The full indication, important safety information, and boxed warnings are available at:
www.gilead.com/-/media/files/pdfs/medicines/hiv/biktarvy/biktarvy_pi.
Summary
Traditional risk factors contributing to the development of insulin resistance and diabetes mellitus include abdominal obesity, physical inactivity, genetics, and older age. HIV-associated diabetes risk factors include peripheral lipoatrophy, increased liver or muscle fat, decreased testosterone levels, HCV co-infection, and the use of select ARVs. Both types of risk factors contribute to a 2% to 14% prevalence of diabetes mellitus in PWH.1,2
Prospective Studies on the Effects of BIC/FTC/TAF on Glucose or Insulin Levels
In four phase 3 studies with ARV-naïve or VS participants, ≥2% experienced Grade 3 or 4 glycosuria and/or fasting hyperglycemia (BIC/FTC/TAF: 1–3%; comparators: 1–4%).3-7 Treatment-emergent diabetes occurred in 1% to 2% of ARV-naïve participants, with no statistically significant differences in median fasting glucose changes between arms.8
A phase 3b study of switching to CAB + RPV vs continuing BIC/FTC/TAF found similar rates of metabolic syndrome and insulin resistance in both treatment arms at Month 12.9,10
In the EBONY study, VS participants who switched to BIC/FTC/TAF did not have statistically significant changes from baseline in mean blood glucose levels through Week 48.11
In the real-world SCOLTA study, there was an increase in mean blood glucose values among TE participants without diabetes and no statistically significant differences in mean blood glucose changes or new-onset diabetes rates between BIC and DTG groups.12,13
Retrospective Studies on the Effects of BIC/FTC/TAF on Glucose or Insulin Levels
In a real-world study of PWH who started or switched to BIC/FTC/TAF, 18.4% had prediabetes at baseline, of whom 8.1% developed diabetes.
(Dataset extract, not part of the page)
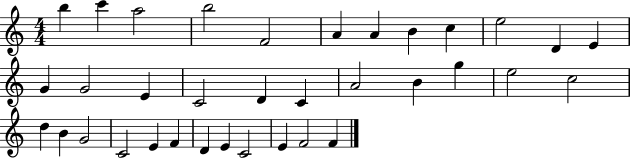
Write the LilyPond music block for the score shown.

Among the 880 participants without prediabetes at baseline, 11.7% and 1.3% developed prediabetes and diabetes, respectively.14
An observational study in Taiwan showed a statistically significant increase in HbA1c from 5.31% at baseline of 0.12% at Week 96 in VS PWH after switching to BIC/FTC/TAF.15
In the METABIC study, among patients who switched to BIC/FTC/TAF, from baseline to Month 12, the increase in mean blood glucose levels and decrease in the mean TyG ratio were not statistically significant.16
Another observational analysis found that changes from baseline in insulin and HOMA-IR were similar between groups starting on BIC/FTC/TAF or DTG/ABC/3TC.17
Prospective Studies on the Effects of BIC/FTC/TAF on Glucose or Insulin Levels
Gilead Clinical Data
In four phase 3 studies that included ARV-naïve or VS participants, Grade 3 or 4 glycosuria and/or fasting hyperglycemia were reported in ≥2% of participants overall (BIC/FTC/TAF, 1–3%; comparators, 1–4%).3-7 Among ARV-naïve participants, treatment-emergent diabetes occurred in 1% to 2% of all participants through Week 144. The difference in median fasting glucose changes was not statistically significant between BIC/FTC/TAF and DTG/ABC/3TC (P=0.64) or DTG + FTC/TAF (P=0.96).8
SOLAR: Phase 3b, Noninferiority Study
A randomized, noninferiority study compared safety and efficacy outcomes between VS participants who switched to long‑acting CAB + RPV regimen administered monthly or every 2 months (n=454) and those who continued daily BIC/FTC/TAF (n=227).9,10 At baseline, in the long‑acting CAB + RPV and BIC/FTC/TAF arms, baseline characteristics included the following: the overall median age was 37 years; 17% and 18%, respectively, were female; 69% and 70% were White; 38% and 34% were overweight; 21% and 23% were obese; 17% in each arm had metabolic syndrome; and 42% and 43% had insulin resistance.9 At Month 12, the rates of participants with metabolic syndrome or insulin resistance were similar between treatment arms among the overall study population and among females.9,10
EBONY: Single-Arm, Open-Label, Pilot Study11
The EBONY study evaluated the efficacy and tolerability of switching from EFV/FTC/TDF to BIC/FTC/TAF in VS participants (N=214). At baseline, the mean glucose level was 90 mg/dL, the median age was 53 years, 84.6% were male, 87.4% were White, and the mean BMI was 25.3 kg/m2. Mean (SD) glucose changes from baseline were not statistically significant: Week 24, +0.7 (22) mg/dL (n=202; P=0.929); Week 48, +0.9 (20) mg/dL (n=178; P=0.534).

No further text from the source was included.